Three men die and go to heaven.
When they arrive at the Pearly Gates, St. Peter says to them, "Congratulations; you made it into heaven! God has one rule, however, which is: YOU CANNOT STEP ON, KILL, OR TOUCH A DUCK. If you do, you will be punished."
The men think this is rather strange, but they agree.
A couple of days later, they decide to have a picnic. It's a beautiful day; the sun is shining, the skies are blue, etc. As they lay down the blanket, one of the men sits on a suspicious-looking lump (which turns out to be a duck).
St. Peter appears instantly. "I GAVE YOU ONE RULE!", he bellows, "And you could not follow it!? I have no choice but to punish you." Despite the man's pleas, St. Peter continues, "As punishment, you are now bound to the ugliest woman in heaven for all eternity!" Both St. Peter and the man vanish.

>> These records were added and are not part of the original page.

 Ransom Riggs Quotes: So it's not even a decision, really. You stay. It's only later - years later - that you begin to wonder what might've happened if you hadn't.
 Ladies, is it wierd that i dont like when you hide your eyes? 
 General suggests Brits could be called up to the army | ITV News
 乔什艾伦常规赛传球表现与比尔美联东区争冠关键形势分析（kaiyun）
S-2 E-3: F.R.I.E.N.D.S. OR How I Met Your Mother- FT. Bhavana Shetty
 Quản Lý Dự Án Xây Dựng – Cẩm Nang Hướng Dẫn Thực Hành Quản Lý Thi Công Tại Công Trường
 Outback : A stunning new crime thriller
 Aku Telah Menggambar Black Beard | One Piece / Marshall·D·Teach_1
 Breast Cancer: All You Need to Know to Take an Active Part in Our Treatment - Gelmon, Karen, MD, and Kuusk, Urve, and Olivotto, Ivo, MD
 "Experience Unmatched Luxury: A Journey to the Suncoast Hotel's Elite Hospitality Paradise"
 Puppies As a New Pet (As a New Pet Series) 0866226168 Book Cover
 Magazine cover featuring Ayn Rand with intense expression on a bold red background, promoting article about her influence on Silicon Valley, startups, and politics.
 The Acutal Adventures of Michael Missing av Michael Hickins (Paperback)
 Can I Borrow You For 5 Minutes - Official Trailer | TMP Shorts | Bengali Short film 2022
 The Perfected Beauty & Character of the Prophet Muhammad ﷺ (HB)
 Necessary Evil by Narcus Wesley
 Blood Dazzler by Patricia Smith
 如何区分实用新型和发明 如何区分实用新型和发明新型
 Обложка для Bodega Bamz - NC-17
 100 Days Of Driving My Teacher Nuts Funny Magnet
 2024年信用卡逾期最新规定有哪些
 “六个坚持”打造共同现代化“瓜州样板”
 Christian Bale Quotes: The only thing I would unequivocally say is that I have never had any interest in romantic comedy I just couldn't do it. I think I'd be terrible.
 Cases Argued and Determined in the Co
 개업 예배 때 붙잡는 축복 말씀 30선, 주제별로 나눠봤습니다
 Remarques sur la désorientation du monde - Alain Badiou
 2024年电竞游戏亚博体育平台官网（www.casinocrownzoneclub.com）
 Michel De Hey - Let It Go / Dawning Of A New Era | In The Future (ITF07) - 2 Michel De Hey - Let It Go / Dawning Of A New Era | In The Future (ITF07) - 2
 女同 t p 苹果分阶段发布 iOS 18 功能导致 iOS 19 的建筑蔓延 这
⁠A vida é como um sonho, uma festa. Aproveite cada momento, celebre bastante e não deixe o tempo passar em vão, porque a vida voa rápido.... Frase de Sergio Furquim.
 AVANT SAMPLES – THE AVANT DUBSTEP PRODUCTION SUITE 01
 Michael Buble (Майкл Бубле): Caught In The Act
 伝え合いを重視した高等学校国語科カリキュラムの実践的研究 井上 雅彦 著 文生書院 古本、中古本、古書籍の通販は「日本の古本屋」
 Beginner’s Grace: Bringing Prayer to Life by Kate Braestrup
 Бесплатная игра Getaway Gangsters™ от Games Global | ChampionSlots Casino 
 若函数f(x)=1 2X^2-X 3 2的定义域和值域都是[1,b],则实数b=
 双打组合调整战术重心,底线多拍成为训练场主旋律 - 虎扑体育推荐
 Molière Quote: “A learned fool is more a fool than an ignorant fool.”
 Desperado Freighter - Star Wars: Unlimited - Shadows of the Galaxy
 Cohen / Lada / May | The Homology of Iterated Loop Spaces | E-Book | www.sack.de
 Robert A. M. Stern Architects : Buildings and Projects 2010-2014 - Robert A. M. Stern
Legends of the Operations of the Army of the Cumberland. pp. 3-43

The next day, the two remaining men take a walk in a park. One of the men doesn't look where he's going, and all of the sudden... CRUNCH! - a duck has been stepped on.
As with the last time, St. Peter appears instantly. "You know what I must do - you are now bound to the next ugliest woman in heaven for all eternity!"
Three years later, the final man is relaxing in his house, when out of the blue, St. Peter appears. Expecting something bad, the man gets on his knees and asks what St. Peter wants. he replies, "Since you have been so good as to not touch a duck for the past three years, I will reward you by binding you to the most beautiful woman in heaven for all of eternity."
As St. Peter describes her, the man really thinks she sounds gorgeous. He is so eager to meet her that he asks, "When do I see her?" St. Peter snaps his fingers, and POOF - the man is meeting his soul mate. They talk for a while, until he says to her, "You're so beautiful and smart and funny; what did I do to deserve you?" The woman responds, "I don't know; all I had to do was step on a duck!"
Sorry about the length of this one, folks. I thought it was worth sharing.